Visser's thesis represents a significant macroeconomic reframing centered on compute as a scarce resource. Historically, labor constraints drove business cycles and inflation dynamics; the emergence of AI as a general-purpose technology reverses this equation. When demand for computational capacity exceeds available supply, enterprises face genuine resource constraints rather than merely economic friction, fundamentally altering investment patterns and capital allocation strategies.
This observation builds on years of AI infrastructure buildout by major cloud providers and semiconductor manufacturers. Despite massive investments in data centers and GPU capacity, the explosive growth in AI model training and inference creates persistent supply shortages. Companies bidding for compute resources drives competition and price pressures, while simultaneously creating incentives for continued capital deployment in infrastructure—a self-reinforcing cycle.
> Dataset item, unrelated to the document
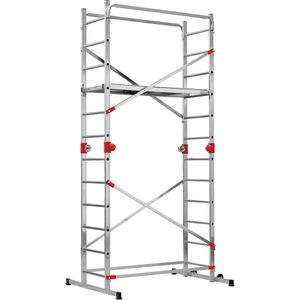 Hailo Gerüst G60, 1-2-3 500 Combi, 9459-507, Arbeitshöhe 4,35m, Multifunktionsgerüst mit 2 Rollen & Treppenfunktion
For investors and markets, this dynamic has profound implications. Industries with high compute requirements face rising operational costs and potential competitive advantages for early movers with secured capacity. The semiconductor and data center sectors gain structural tailwinds from this shift. Crypto markets, particularly those tokenizing computational resources or benefiting from AI adoption, may see investor interest as traditional compute becomes precious.
Looking forward, the sustainability of this super cycle depends on whether supply-side constraints persist or whether technological breakthroughs (novel chip architectures, alternative computing paradigms) alleviate bottlenecks. The geopolitical dimension also matters—compute supply concentration creates strategic vulnerabilities. Monitoring capital expenditure announcements from infrastructure providers and tracking compute pricing will signal whether this cycle continues accelerating.
- →AI demand is outpacing computational supply, reversing historical labor-scarcity business cycles.
- →A fundamental economic shift from labor to compute intensity is reshaping capital allocation priorities.
- →Unprecedented capital expenditure in infrastructure represents a multi-year super cycle with structural tailwinds.
- →Supply-demand imbalances in compute create competitive advantages for entities with secured capacity access.
- →Semiconductor and data center sectors face sustained demand growth as compute becomes increasingly scarce.